— Task description —
Look through the records below for the line holding "Stitch Scars on". Write it out exactly, with each following line through the line holding "Tom Cruises Knife".
[Listed entries]
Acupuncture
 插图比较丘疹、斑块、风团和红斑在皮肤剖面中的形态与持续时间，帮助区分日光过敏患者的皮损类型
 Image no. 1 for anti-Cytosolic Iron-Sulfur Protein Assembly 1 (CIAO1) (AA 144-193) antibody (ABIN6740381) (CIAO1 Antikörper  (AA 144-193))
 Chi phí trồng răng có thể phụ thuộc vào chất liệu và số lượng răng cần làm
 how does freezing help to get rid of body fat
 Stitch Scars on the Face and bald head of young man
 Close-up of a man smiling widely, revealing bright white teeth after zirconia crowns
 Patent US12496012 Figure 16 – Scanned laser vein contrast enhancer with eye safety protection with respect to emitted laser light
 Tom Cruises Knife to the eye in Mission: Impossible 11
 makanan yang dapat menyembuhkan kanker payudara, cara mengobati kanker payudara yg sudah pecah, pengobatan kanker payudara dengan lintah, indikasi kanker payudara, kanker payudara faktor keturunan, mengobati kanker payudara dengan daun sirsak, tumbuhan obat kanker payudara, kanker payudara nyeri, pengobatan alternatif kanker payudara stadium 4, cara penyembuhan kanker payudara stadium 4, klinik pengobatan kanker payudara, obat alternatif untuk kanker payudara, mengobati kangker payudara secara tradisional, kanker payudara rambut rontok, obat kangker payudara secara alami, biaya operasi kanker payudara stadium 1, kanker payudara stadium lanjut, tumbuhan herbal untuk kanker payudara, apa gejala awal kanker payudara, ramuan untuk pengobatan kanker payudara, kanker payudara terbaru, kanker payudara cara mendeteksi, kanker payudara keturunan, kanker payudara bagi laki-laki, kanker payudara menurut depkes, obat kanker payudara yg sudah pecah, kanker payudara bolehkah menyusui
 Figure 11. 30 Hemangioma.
[/Listed entries]
— Exercise solution —
 Stitch Scars on the Face and bald head of young man
 Close-up of a man smiling widely, revealing bright white teeth after zirconia crowns
 Patent US12496012 Figure 16 – Scanned laser vein contrast enhancer with eye safety protection with respect to emitted laser light
 Tom Cruises Knife to the eye in Mission: Impossible 11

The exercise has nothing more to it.